Agora, por exemplo, a imprensa – não sei a mundial, mas a brasileira – oferece generosos espaços para destacar fatos ligados à competição comandada pela FIFA.

Contrário as ações do primeiro mandatário americano, quem se acha prejudicado abastece seu público com alguns fatos e muitos factoides. Outro dia foi assunto nos principais noticiários a vaia que o Presidente americano Donald Trump recebeu assim que apareceu o telão do Madison Square Garden, durante a execução do hino americano, num jogo da NBA (principal liga de basquete profissional da América do Norte). Soberano, Trump ouviu a manifestação, viu seu time perder, cochilou no camarote e foi embora antes do fim da partida.

A grande mídia do Brasil encheu seus pulmões, ignorando que arquibancada de estádio vaia tudo e todos (até um minuto de silêncio ou seus ídolos) desde os tempos do Coliseu.

Alguns esqueceram que em 2007, o presidente Lula foi vaiado de forma estrondosa no Maracanã, na abertura do Pan-Americano.

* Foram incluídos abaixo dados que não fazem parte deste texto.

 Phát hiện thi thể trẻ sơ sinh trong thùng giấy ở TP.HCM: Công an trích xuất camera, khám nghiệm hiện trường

Elas foram tão fortes que ele desistiu do discurso protocolar e deixou o presidente do Comitê Olímpico Brasileiro (COB), Carlos Arthur Nuzman declarar os jogos abertos.

O fato novo

Agora o destaque é para a proibição da entrada de dirigentes de alguns países cujas ligações diplomáticas com os Estados Unidos estão estremecidas.

Por exemplo, o árbitro Omar Abdulkadir Artan (34) foi barrado no aeroporto de Miami e deportado, sendo cortado da lista oficial da FIFA. Sem dúvida, um momento lamentável para a carreira de quem passou tanto tempo se preparando para o sonho de chegar à uma Copa do Mundo.

As razões

Cito os fatos, sem qualquer envolvimento político – que não é minha área e detesto jornalista esportivo nela se metendo – para lembrar que, enfim, a FIFA conheceu alguém mais soberano do que ela.

Diferente do que ocorre em outros países onde ela manda e desmanda – e fez isso no Brasil, em 2014, impondo a Lei Geral Da Copa – nos Estados Unidos a FIFA terá que se submeter à defesa da soberania dos Estados Unidos, onde entre sorrisos e afagos, Trump deve ter dito ao presidente Gianni Infantino “aqui, não!”

Talvez reste para a entidade máxima do futebol o pouco que lhe oferecem México e possivelmente o Canadá, que completam a tríplice sede do Mundial de 2026.